Vincent : Jean Nicoli est arrêté à Ajaccio, le 27 juin 1943, le 30 août 1943, il est décapité par les fascistes italiens parce qu’il refusait d’être fusillé dans le dos. Maurice Choury évoque son calvaire dans Tous bandits d'honneur :

“Ils exercent sur lui toute la gamme des tortures ignobles, tenaillant son corps pour atteindre son âme.Malheur à qui est seul, malheur à qui se sent seul, quand les coups lui zèbrent le cœur, quand les coups lui fouaillent le cerveau de leurs fulgurants éclairs !

Je ne parlerai pas. Je ne crierai pas. C'est moi le plus fort. Pauvres imbéciles, si vous savez tout, pourquoi vous acharner à me faire parler ? Vous ne savez rien de ce que je sais. Je tiens dans mes mains mon honneur, la vie des autres, les espoirs d'une multitude. Je ne parlerai pas.

Mais Dieu que leurs coups font mal ! Tenir, il faut tenir… La route est longue de Casalabriva à San-Gavino… Longue comme ce calvaire interminable. Je compterai les kilomètres… Han ! Un kilomètre. Han ! Deux kilomètres. Han ! Trois kilomètres… J'ai bien le droit de les compter tout haut !

La route est longue… Ils ne se fatigueront donc pas, ces cochons! Han ! Frappez, bêtes brutes ! Han ! Frappez, vous serez vaincus ! Oh barbara furtuna, sort'ingrata !… Mourir à deux pas de la délivrance. Han ! J'ai soif. J'ai soif ! A la claire fontaine… Han !

L'homme est un mélange d'argile et d'airain. Au diable les kilomètres et les trucs ! Sonne, airain de mon corps ! Vous n'arracherez pas la Corse à la patrie ! Sonne Culombu de la Libération ! Debout, les hommes ! Venez, ah ! Venez autour de moi ! Non je ne suis pas seul, lâches ! Votre matraque est en coton. Bong ! Bong ! Il y aura du bonheur pour les parias de la terre ! Bong ! Bong ! C'est le tocsin de l'insurrection. Bong ! Sur le monde entier luira le beau soleil de Corse. Bong ! Bong ! Je ne verrai plus en Côte-d'Ivoire des petits nègres au travail forcé ! Bong ! Comme je suis faible… Comme je suis long à mourir… Comme je grandis…Bong ! Le bonheur sera l'enfant du martyre. Bong ! Maman, berce-moi encore !

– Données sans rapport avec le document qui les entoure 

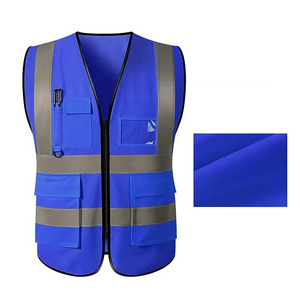 Veste de travail de sécurité pour hommes, personnalisable, de haute qualité, imperméable, réversible, à séchage rapide, respirante, col montant, vente en gros - Product Image 3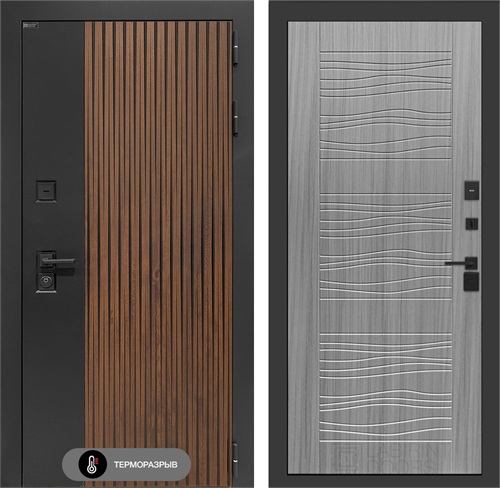 Входная дверь с терморазрывом Айслаб №06 - Сандал серый для частного загородного дома и дачи 31484 - фото 146880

C'est si bon de s'endormir, bouche fermée, en regardant le soleil en face… »

Le choeur : Il est mort pour notre liberté ! Ne l'oublions pas !
 

III) Margot Amzallag et Lea Secondi avancent de 3 pas

Margot : « C'est un vrai crève-coeur de voir disparaître les plus valeureux de nos compagnons d'armes… Ils aimaient leur famille, leur village, leurs amis, leur Corse et leur patrie. Ils aimaient la vie. Et cela ne donne que plus de valeur à leur sacrifice ».Maurice Choury

Léa : Le testament de Charles Bonafedi

Il avait dix-sept ans quand l’ennemi vint occuper son village, en novembre 1942. Il entre dans la Résistance, est fait prisonnier et part, enchaîné, vers le lointain exil. Du camp de déportation, il s’évade et, le 25 août 1944, il envoie en Corse ce message :

Mes très chers parents,

Je vous écris à tout hasard car je ne sais si ma lettre vous parviendra. Enfin, vous saurez qu’avant de partir j'ai pensé à vous. Demain à une heure de l'après-midi je pars… Ici une ressource s'offre à moi : ne pouvant combattre aux côtés des Français, je vais rejoindre les patriotes slaves.

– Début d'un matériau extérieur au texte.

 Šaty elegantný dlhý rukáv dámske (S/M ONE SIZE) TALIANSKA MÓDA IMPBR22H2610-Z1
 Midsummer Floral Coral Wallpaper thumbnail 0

Si vous restez longtemps sans nouvelles de moi ne désespérez pas car s'il m’arrivait malheur vous seriez prévenus ; mais si cela arrivait ne me pleurez pas, je serai mort en tâchant de faire mon devoir.

J'ai vu, papa, les sacrifices que tu as consentis pour m'envoyer à l’école. Si je vais combattre c'est pour que d'autres papas n'aient pas besoin de se saigner pour élever leurs enfants, c'est pour que tout le monde travaille dans un monde de paix et de prospérité.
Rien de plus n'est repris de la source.